I just feel that peoples lives are being lost and more are put in danger for NO REASON!

I really dont care about Iraq and who runs the place. Just like I dont care who runs Vietnam!

During the 60‘s and 70‘s Americans died in Vietnam... For what reason??

Just like Iraq, Why are so many men and women from the states and our allies dying?? For who, for what?

If the states really wanted to stop terrorism, just like they wanted to stop drugs, why didnt they aim all their energy at catching Osama, stop it in Bosnia stop it in Kosovo stop it in Palestine with the Muslims there who have terrorist training camps and have been terrorist havens since the early 1990‘s?? 
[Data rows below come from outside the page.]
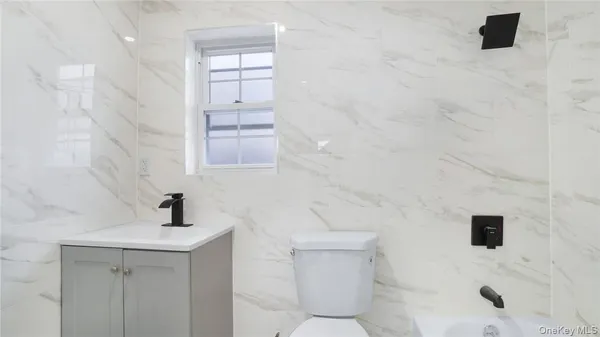 $899,000 | 2155 Walton Avenue | Tremont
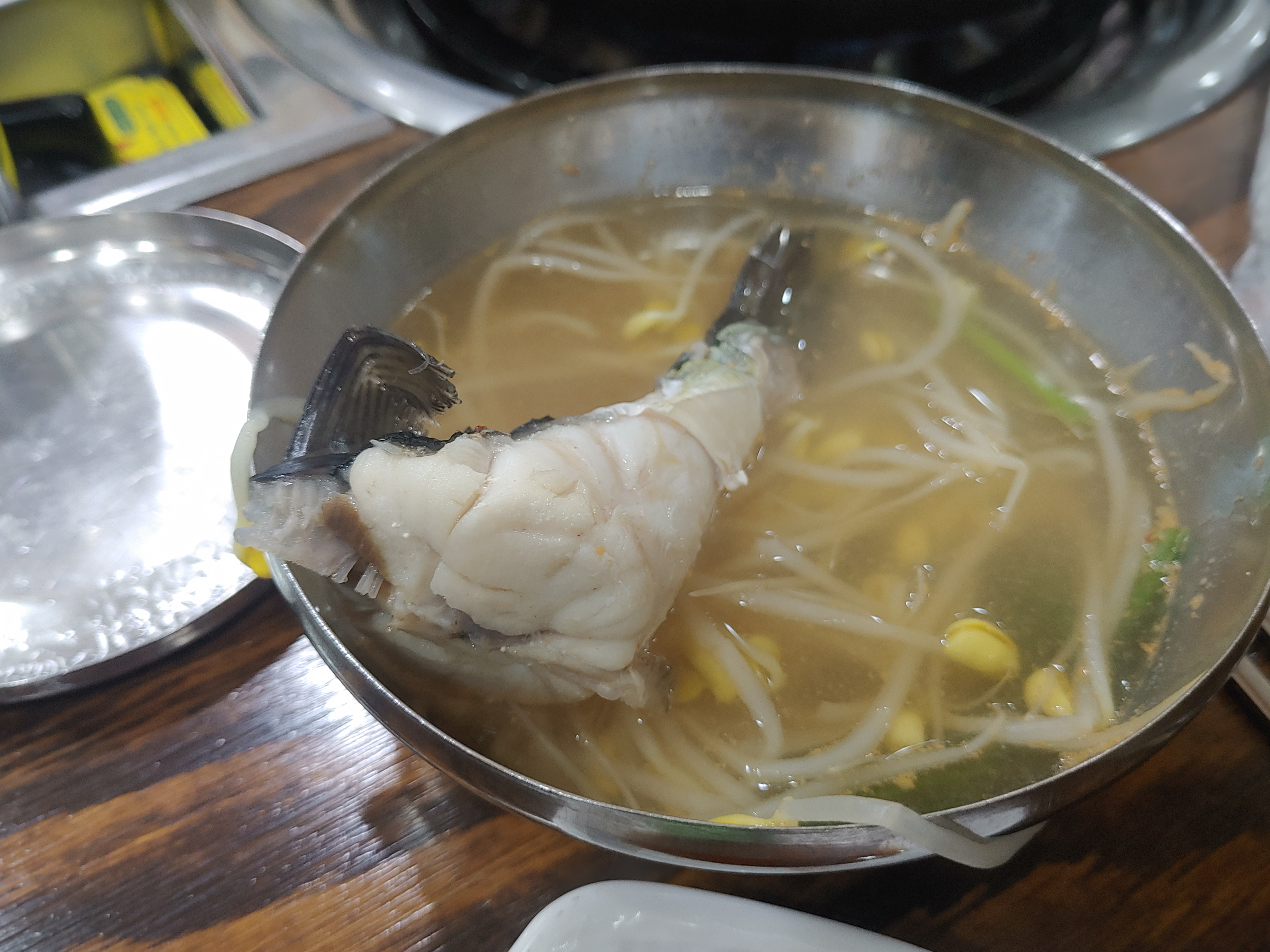 정민네-국탕찌개-맛집-복어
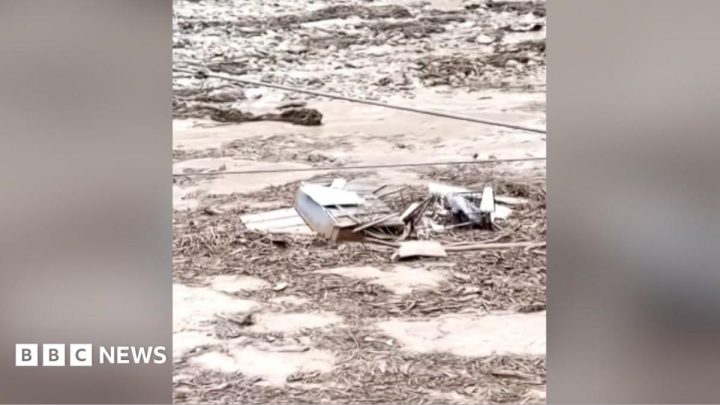 Hikers feared missing after flash flooding hits Grand Canyon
I just dont fall for US propaganda!

As the US soldiers in Iraq and coming from Iraq what they think about it!!! 

 http://www.themedianews.com/DAGGER/Head_Lines/family_of_soldier_.htm 

 http://www.themedianews.com/DAGGER/Head_Lines/brit_troops_slam_yanks.htm 

 http://ontario.indymedia.ca/twiki/bin/view/Archives/ImcOntario14935


----------



## Evan (11 Feb 2004)

"Why didnt the Iraqis get rid of Saddam themselves??"

ever heard of the kurds, they tried, thousands of them were killed by nerve agents during there uprising, woman children, the works.


----------



## Korus (11 Feb 2004)

> I just dont fall for US propaganda!


But you do fall for the anti-US propoganda?


----------



## Infanteer (11 Feb 2004)

> I really dont care about Iraq and who runs the place. Just like I dont care who runs Vietnam!
> 
> During the 60‘s and 70‘s Americans died in Vietnam... For what reason??
> 
> Just like Iraq, Why are so many men and women from the states and our allies dying?? For who, for what?


Sooo, following your logic:

"I really don‘t care about Nazi Germany and who runs the place!"

Intervention has its place.



> If the states really wanted to stop terrorism, just like they wanted to stop drugs, why didnt they aim all their energy at catching Osama, stop it in Bosnia stop it in Kosovo stop it in Palestine with the Muslims there who have terrorist training camps and have been terrorist havens since the early 1990‘s??


What are you saying, the United States doesn‘t want to stop terrorism?



> I just dont fall for US propaganda!


No, but you obviously fall for someone elses.



> As the US soldiers in Iraq and coming from Iraq what they think about it!!!


I‘d be happy to introduce you to soldiers returning from the sandbox for their second or third time.  I‘m sure they would love to hear what you have to say.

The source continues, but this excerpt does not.